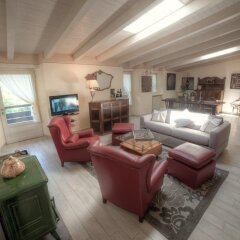 Отель La Foresteria - 3 Br Villa Вербания комната для гостей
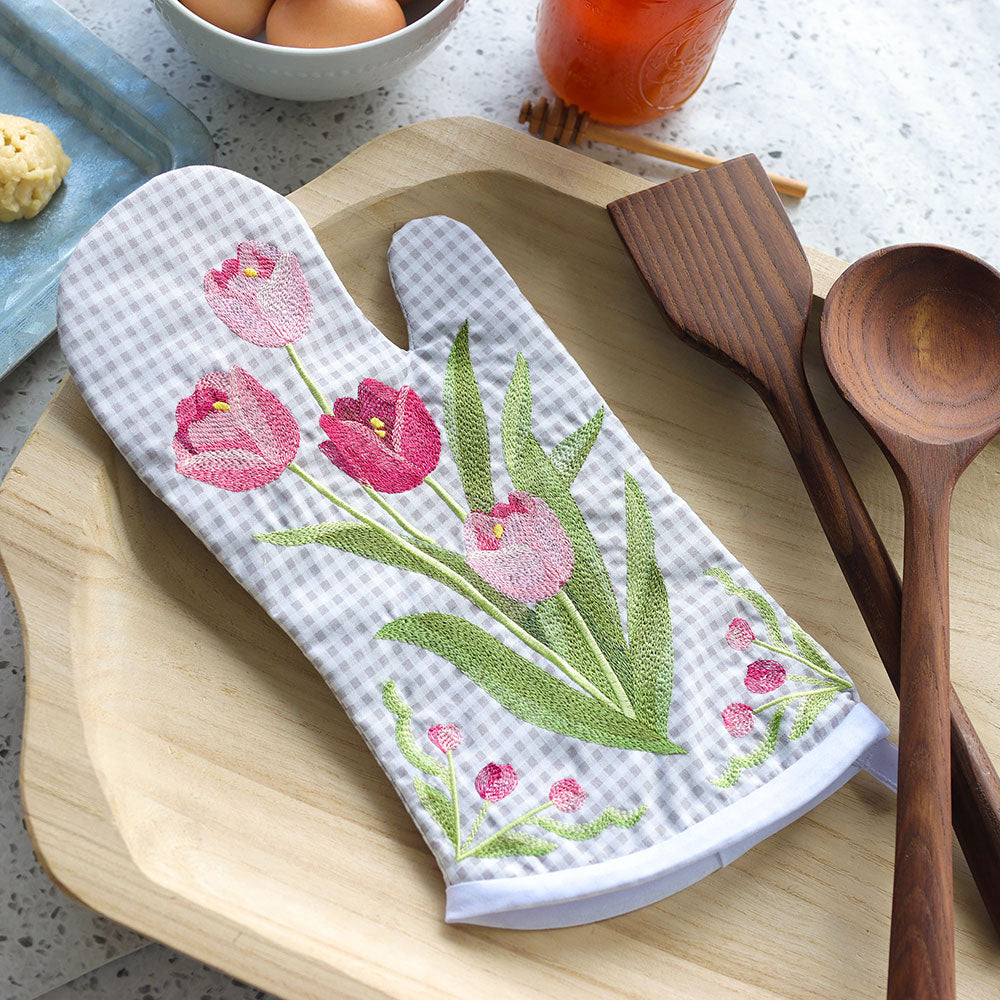 Truly Tulip Oven Mitt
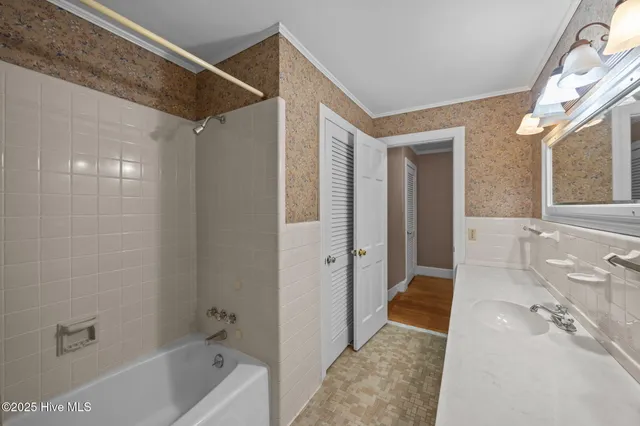 $330,000 | 112 Lakewood Drive, Greenville, NC 27834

**ASSIGNMENT**: Only those lines from the one containing "Truly Tulip Oven Mitt" to the end of the material above, retyped exactly and without pictures, belong in your reply.

**ANSWER FOR THIS EXERCISE**:
 Truly Tulip Oven Mitt
 $330,000 | 112 Lakewood Drive, Greenville, NC 27834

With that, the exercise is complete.